Dataset records Block Start

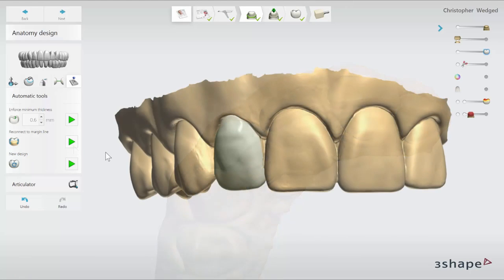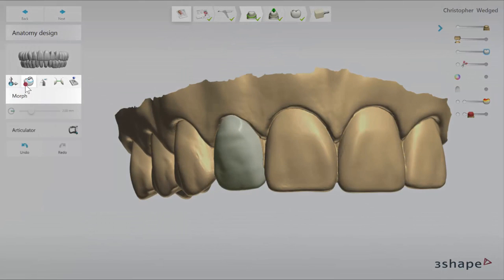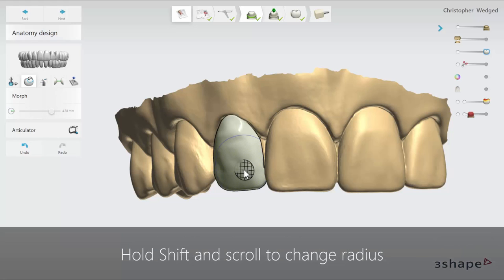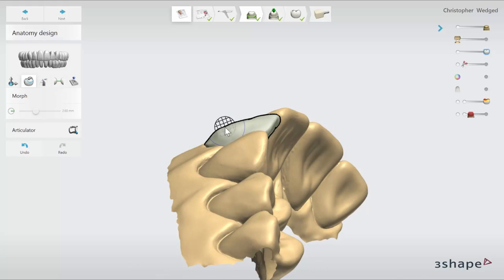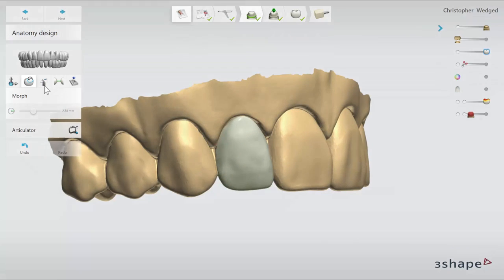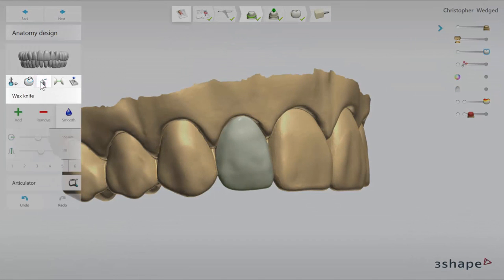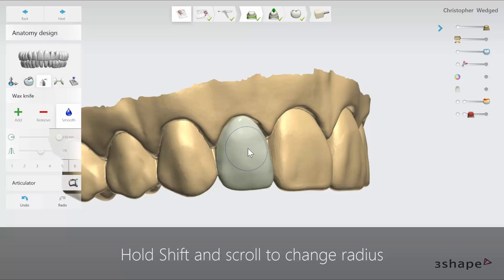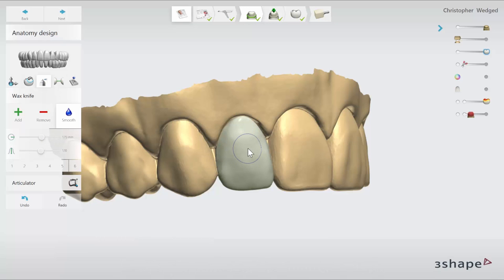Then use the other design tools to adjust the design. Use the morph tool to apply changes to different surfaces. Click shift and mouse scroll to change the radius of a tool, then click on a chosen point on the tooth and drag to make changes. Next use the wax knife to add and remove material from the design as well as to smooth it.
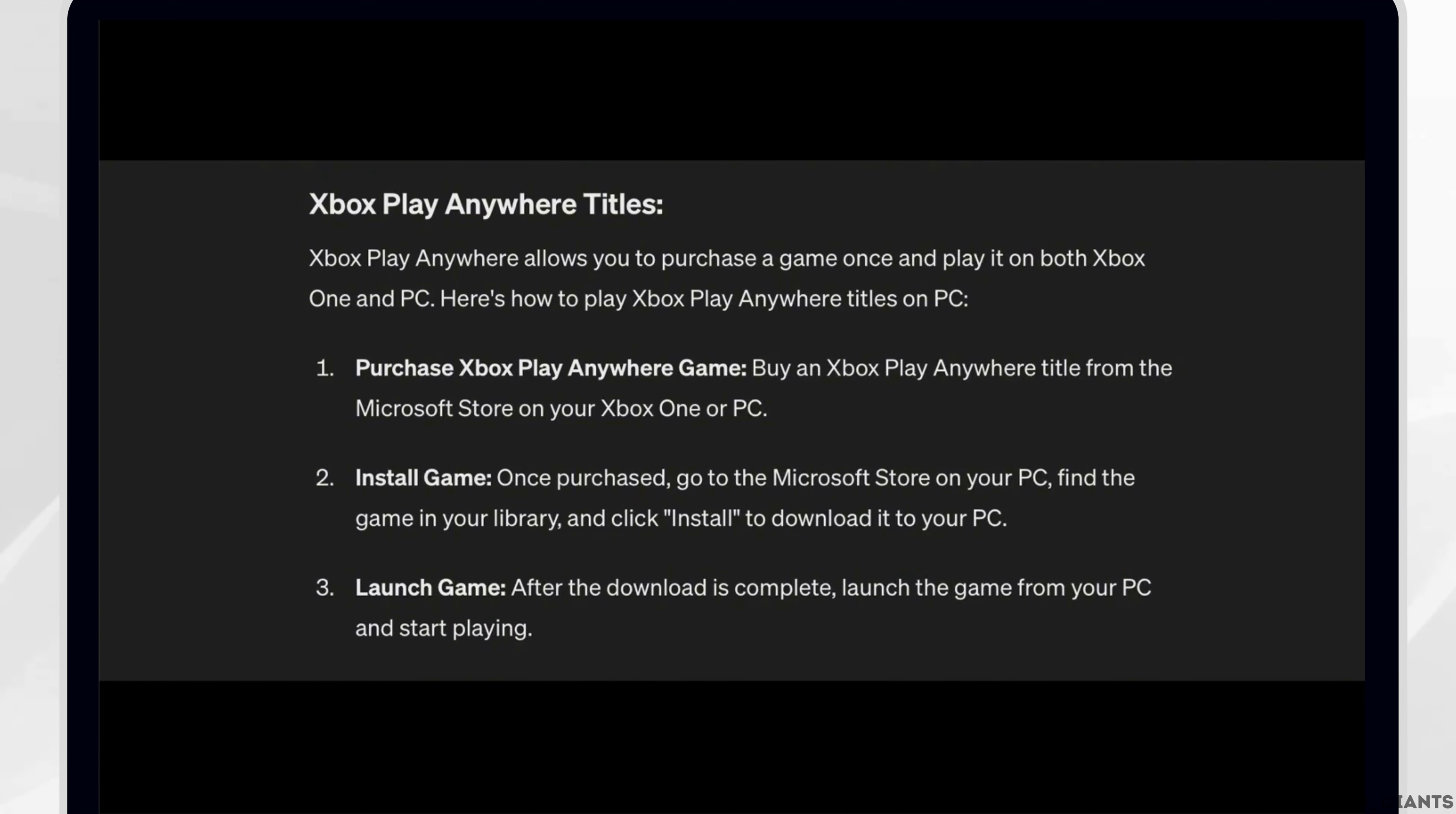Purchase Xbox Play Anywhere game. Buy an Xbox Play Anywhere title from the Microsoft Store on your Xbox One or PC.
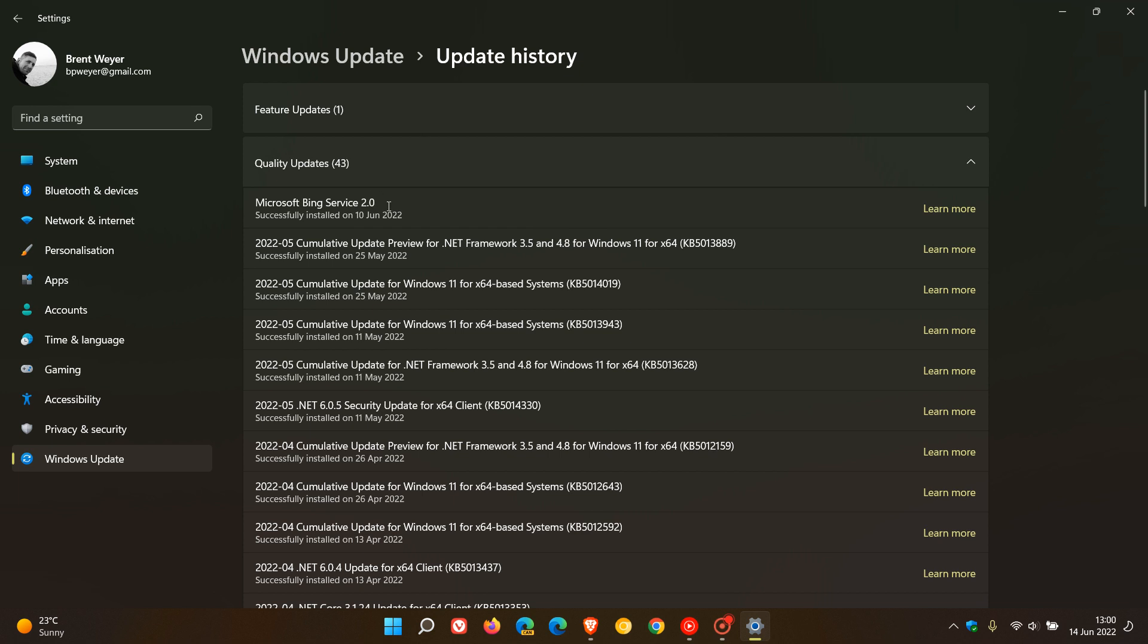There wasn't much information available online about the update when it rolled out last week.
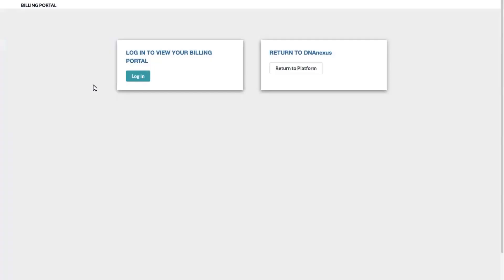Once you have set up your billing account, you can update your billing and payment information directly on the billing portal. Remember that this requires separate credentials from your UK Biobank Research Analysis platform account.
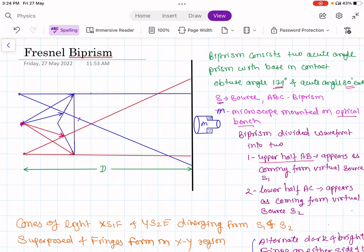One of such arrangements is the biprism, which produces two coherent sources by division of wavefront. As you are aware, we get two coherent sources by two methods: one is by division of amplitude and another one is division of wavefront.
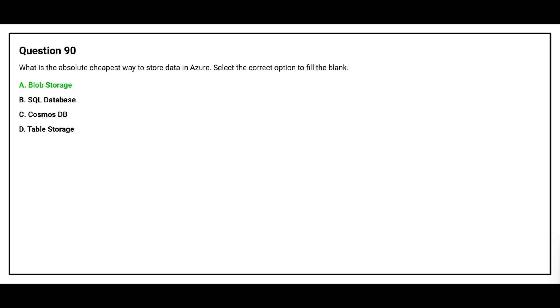The correct answer is option A, Blob Storage.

Dataset records Block End

**What is needed:** Repeat, exactly and only, the lines from the one containing "Once you have" through the final line of the data, both ends included, leaving out any picture.

**Written answer:**
Once you have set up your billing account, you can update your billing and payment information directly on the billing portal. Remember that this requires separate credentials from your UK Biobank Research Analysis platform account.
One of such arrangements is the biprism, which produces two coherent sources by division of wavefront. As you are aware, we get two coherent sources by two methods: one is by division of amplitude and another one is division of wavefront.
The correct answer is option A, Blob Storage.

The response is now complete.